Made snakefile 'rna_processing.smk'
AttributeError: 'str' object has no attribute 'name'
I'm still getting this error I got when using snakemake with the tutorial. updated conda and python
env was using, 3.1, but I updated to 3.9.13

In [None]:
#removed snakemake env on laptop and reinstalled as above
conda env remove --name snakemake
# updated python in snakemake env (updates to 3.9.13) (this seems to do trick)
conda update python       
#from base
conda update -n base conda
#still not showing update for ==> WARNING: A newer version of conda exists. <==
#   current version: 4.12.0
#   latest version: 22.9.0

# Please update conda by running

#     $ conda update -n base conda

# try this
conda install -n base conda=22.9.0 python=3.9
#this got stuck, tried without python, also stuck, try with python=3.8?

#supposedly because using conda-forge before defaults? can try this or update ~/.condarc file to put defaults in priority
conda install -n base defaults::conda=22.9

Looked online, and version 4.12 IS THE LATEST VERSION! It just must be a mistake?
https://docs.anaconda.com/anaconda/reference/release-notes/

In [None]:


#checking how these will run
snakemake -s rna_processing.smk -np trimmed/trimmed_SRR18961402_1.fastq.gz
rna_seq_processing % snakemake -s rna_processing.smk -np fastqc_outputs/multiqc_report.html
snakemake --dag trimmed/trimmed_SRR18961402_{1,2} | dot -Tsvg > dag.svg

error trying to visualise graph of dag. seems not to recognise 'dot' command which is from graphviz.
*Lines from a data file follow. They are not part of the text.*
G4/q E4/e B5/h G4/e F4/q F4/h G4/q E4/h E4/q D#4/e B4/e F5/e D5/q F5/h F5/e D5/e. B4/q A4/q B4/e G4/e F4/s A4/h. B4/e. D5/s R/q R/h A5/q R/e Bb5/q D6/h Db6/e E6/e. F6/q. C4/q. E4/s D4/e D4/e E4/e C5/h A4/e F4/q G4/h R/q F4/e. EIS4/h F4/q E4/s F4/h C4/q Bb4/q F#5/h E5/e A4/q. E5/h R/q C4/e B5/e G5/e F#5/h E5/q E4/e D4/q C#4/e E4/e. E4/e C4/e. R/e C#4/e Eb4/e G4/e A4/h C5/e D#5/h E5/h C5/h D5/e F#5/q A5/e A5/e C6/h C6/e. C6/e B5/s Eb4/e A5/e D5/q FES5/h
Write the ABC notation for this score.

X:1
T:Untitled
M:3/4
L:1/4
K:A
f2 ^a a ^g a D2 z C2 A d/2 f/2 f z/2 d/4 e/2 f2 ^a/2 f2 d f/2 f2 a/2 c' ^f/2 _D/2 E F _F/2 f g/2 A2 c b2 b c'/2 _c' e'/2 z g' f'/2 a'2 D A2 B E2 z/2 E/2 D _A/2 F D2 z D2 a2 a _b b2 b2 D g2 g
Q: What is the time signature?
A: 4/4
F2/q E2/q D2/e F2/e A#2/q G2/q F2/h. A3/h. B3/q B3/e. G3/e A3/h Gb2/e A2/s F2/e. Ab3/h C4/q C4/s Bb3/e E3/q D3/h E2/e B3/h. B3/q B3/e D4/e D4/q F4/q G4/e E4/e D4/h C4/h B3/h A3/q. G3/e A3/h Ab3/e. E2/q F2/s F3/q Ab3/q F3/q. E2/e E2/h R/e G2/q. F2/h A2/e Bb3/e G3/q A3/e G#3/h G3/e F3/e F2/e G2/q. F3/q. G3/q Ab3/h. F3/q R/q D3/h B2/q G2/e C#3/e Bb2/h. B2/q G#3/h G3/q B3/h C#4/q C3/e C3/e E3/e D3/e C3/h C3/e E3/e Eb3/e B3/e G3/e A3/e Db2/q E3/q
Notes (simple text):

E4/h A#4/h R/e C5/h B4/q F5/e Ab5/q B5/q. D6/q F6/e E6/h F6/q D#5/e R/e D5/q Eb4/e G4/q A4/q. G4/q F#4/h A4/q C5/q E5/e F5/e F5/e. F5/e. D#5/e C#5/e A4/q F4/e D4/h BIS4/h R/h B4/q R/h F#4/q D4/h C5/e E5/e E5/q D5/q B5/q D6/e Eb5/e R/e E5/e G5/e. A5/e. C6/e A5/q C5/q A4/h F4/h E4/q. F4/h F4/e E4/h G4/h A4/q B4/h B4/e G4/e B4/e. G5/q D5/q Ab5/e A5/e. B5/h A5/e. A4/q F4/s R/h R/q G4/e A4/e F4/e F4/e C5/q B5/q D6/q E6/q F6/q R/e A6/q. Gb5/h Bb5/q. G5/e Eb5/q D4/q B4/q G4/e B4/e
Install graphviz (maybe this is because conda still not updated--do again above)

In [None]:
conda install -c anaconda graphviz

Run fastp alone

In [None]:
#dry run
snakemake -np -s rna_processing.smk
#forced execution of fastp only
snakemake --cores 8 -s rna_processing.smk -R fastp_pe

This worked great for one file on my laptop. Uses a lot of resources, so do all of them on thoth.

Test mapping_snakefile.smk on laptop
First must have index file for genome file in directory

In [None]:
bwa index Mbovis_AF212297.fasta

In [None]:
snakemake -np -s mapping_snakefile.smk
#only using 2 cores on my machine, since I only have 4!
snakemake --cores 2 -s mapping_snakefile.smk

#can run in background with nohup (stderr and stdout to nohup.out--or whatever you name it)
nohup snakemake ... > nohup.out 2>&1 &

#create disk image of pipeline
snakemake --dag sorted_reads/flagstat_SRR18961402.txt | dot -Tsvg > dag.svg

fasterq not working--doesn't seem to be included in conda sra-tools
try module load ncbi-sra/v2.10.5 and see if that works?

Works on thoth but can't use on laptop

In [None]:
11 October map the fastq files using snakemake files on thoth

In [None]:
conda activate snakemake
#run from inside project folder 
cd $my_path/mbovis_rna/PRJNA832959/

#dry run
snakemake -np -s $my_path/snakemake/mapping_snakefile.smk
#need to add path to config.yaml or needs to be in folder, moved snakmake folders as well
$my_path/snakemake/config.yaml .

snakemake -np -s mapping_snakefile.smk

Had to delete env and make new snakemake installation and env on thoth to get to work.

Job stats:
job                  count    min threads    max threads
-----------------  -------  -------------  -------------
all                      1              1              1
bwa_map_pe               3              1              1
samtools_flagstat        3              1              1
samtools_sort            3              1              1
total                   10              1              1

In [None]:

#run for real
snakemake --cores 8 -s mapping_snakefile.smk

Error in rule bwa_map_pe:
    jobid: 3
    output: mapped_reads/SRR18961402.bam
    log: logs/bwa_mem/SRR18961402.log (check log file(s) for error message)
    shell:
        (bwa mem -t 8 /d/in16/u/sj003/refseqs/mbovis/Mbovis_AF2122_97.fasta /d/in16/u/sj003/mbovis_rna/PRJNA832959/fastq/SRR18961402_1.fastq.gz /d/in16/u/sj003/mbovis_rna/PRJNA832959/fastq/SRR18961402_2.fastq.gz /d/in16/u/sj003/mbovis_rna/PRJNA832959/fastq/SRR18961411_1.fastq.gz /d/in16/u/sj003/mbovis_rna/PRJNA832959/fastq/SRR18961411_2.fastq.gz /d/in16/u/sj003/mbovis_rna/PRJNA832959/fastq/SRR18961412_1.fastq.gz /d/in16/u/sj003/mbovis_rna/PRJNA832959/fastq/SRR18961412_2.fastq.gz | samtools view -Sb - > mapped_reads/SRR18961402.bam) 2> logs/bwa_mem/SRR18961402.log
        (one of the commands exited with non-zero exit code; note that snakemake uses bash strict mode!)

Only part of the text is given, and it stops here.